The Washington Post recently wrote about a study from Queen Mary University of London, about the differences between men and women using Tinder, the dating app.
The researchers created 14 profiles, male and female, and liked everyone within a 100-mile radius. The fake male profiles only received 0,6% likes back, with the fake female profiles were much more popular, with 10% of people who liked them back. But men who matched with a fake profile were only 7% to send a message, while women who matched with a fake profile were 21%.
The study revealed men were less picky than women to match on Tinder. Women only swiped right the profile they were attracted to, while men casually liked all profiles.
A male friend of mine told me he used to like every female profile on Tinder “but not the ones with a rat on their shoulder” in the hope to get the maximum of matches. “After that, I select the ones I’m really attracted to” he said.

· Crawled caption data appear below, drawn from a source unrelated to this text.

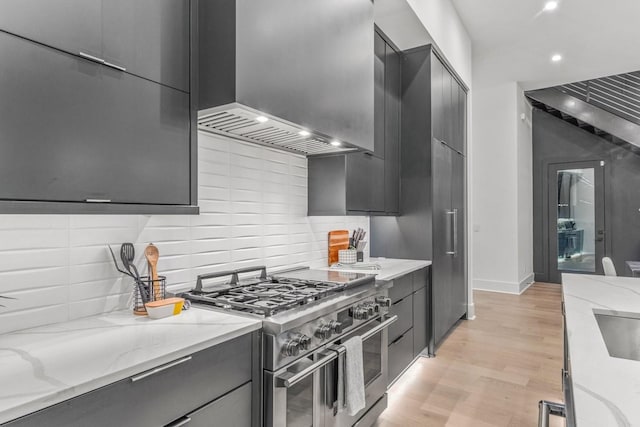 4303A Utah Ave, Nashville, TN 37209 - kitchen featuring range with two ovens, modern cabinets, recessed lighting, decorative backsplash, and light wood finished floors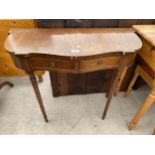 A REPRODUCTION MAHOGANY AND CROSSBAND SIDE TABLE WITH TWO DRAWERS 31" WIDE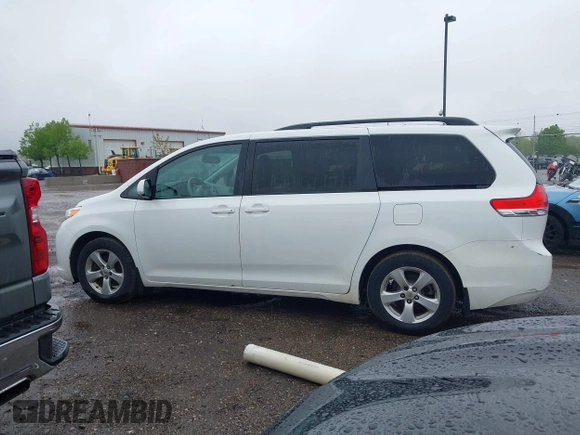 2012 Toyota Sienna LE AAS with VIN 5TDKK3DC3CS208853, listed as a IAAI auction lot 42205012 with 197,286 mi miles. Bid and sale history available at carsss.com. Image 14.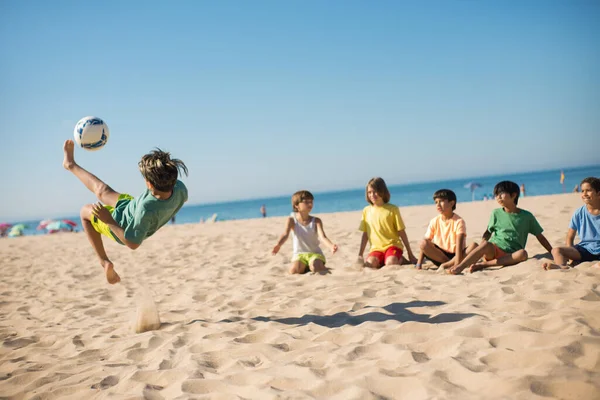 Genç bir çocuk plajda top sektiriyor.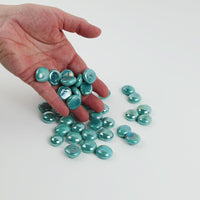 Video of opal cyan glass nuggets, opaque with a pearly iridescent sheen, 16–20 mm, picked up from a pile by hand and dropped back to show their size, round shape and shine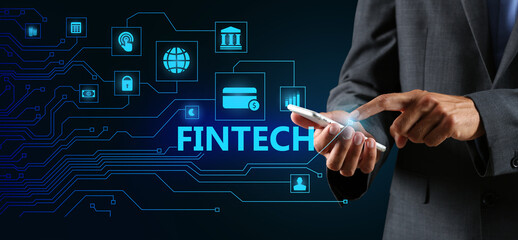 Businessman with mobile phone on black background. Concept of financial technology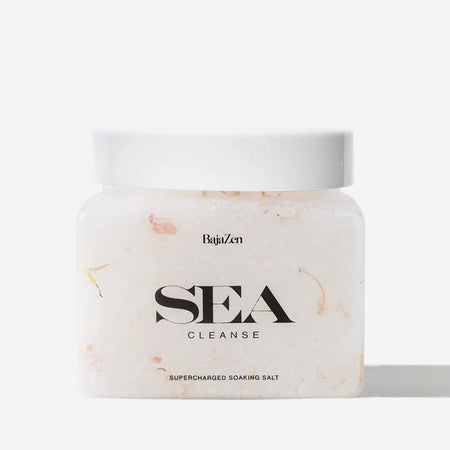 SEA soaking salts by Baja Zen. Frosted plastic square jar containing 20 oz./567 g of soothing soaking salts formulated to detoxify and cleanse the skin. Infused with fragrance notes of Maui sea salt, sand blossom and mandarin. 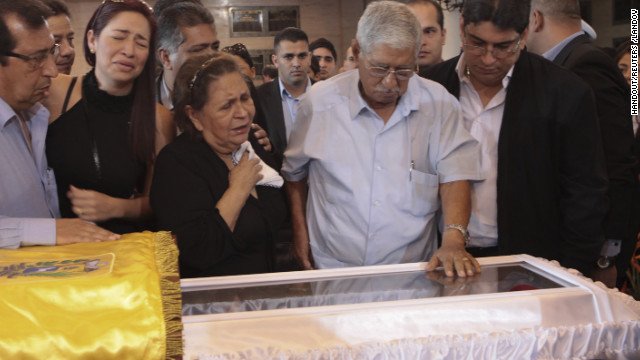  Relatives of Venezuela's late President Hugo Chavez, his brother Adan (2nd L), his mother Elena Frias (4th L) and his father Hugo (2nd R), cry as they view his coffin during a wake at the military academy in Caracas March 7, 2013, in this picture provided by the Miraflores Palace. Chavez will be embalmed and put on display "for eternity" at a military museum after a state funeral and an extended period of lying in state, acting President Nicolas Maduro said on Thursday. REUTERS/Miraflores Palace/Handout (VENEZUELA - Tags: POLITICS OBITUARY) REUTERS /HANDOUT /LANDOV   Photographers/Source: HANDOUT/Reuters /Landov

So, if you’re a woman, don’t think he genuinely likes you if you had a match on Tinder with him. You’re just vaguely attractive to him, among a large pool of women.
The Washington Post wrote Tinder makes us miserable for that reason. But they may be wrong, because most Tinder matches don’t result necessarily into a real date.
Out of the numerous Tinder profiles he liked, my friend only got one date.
Tinder just gives you the illusion there are plenty of options possible. But when it comes to dates, and relationships, those options shrink dramatically.
The date is important, because you can really tell if you like your Tinder date or not after 30 minutes, or even less.
Nothing compares to a date face to face. Whether it’s originated by Tinder or another way.
“Tinder is just a way to meet new people” one of my friends told me.
Yes, it’s just a way, like meeting someone in a club or elsewhere.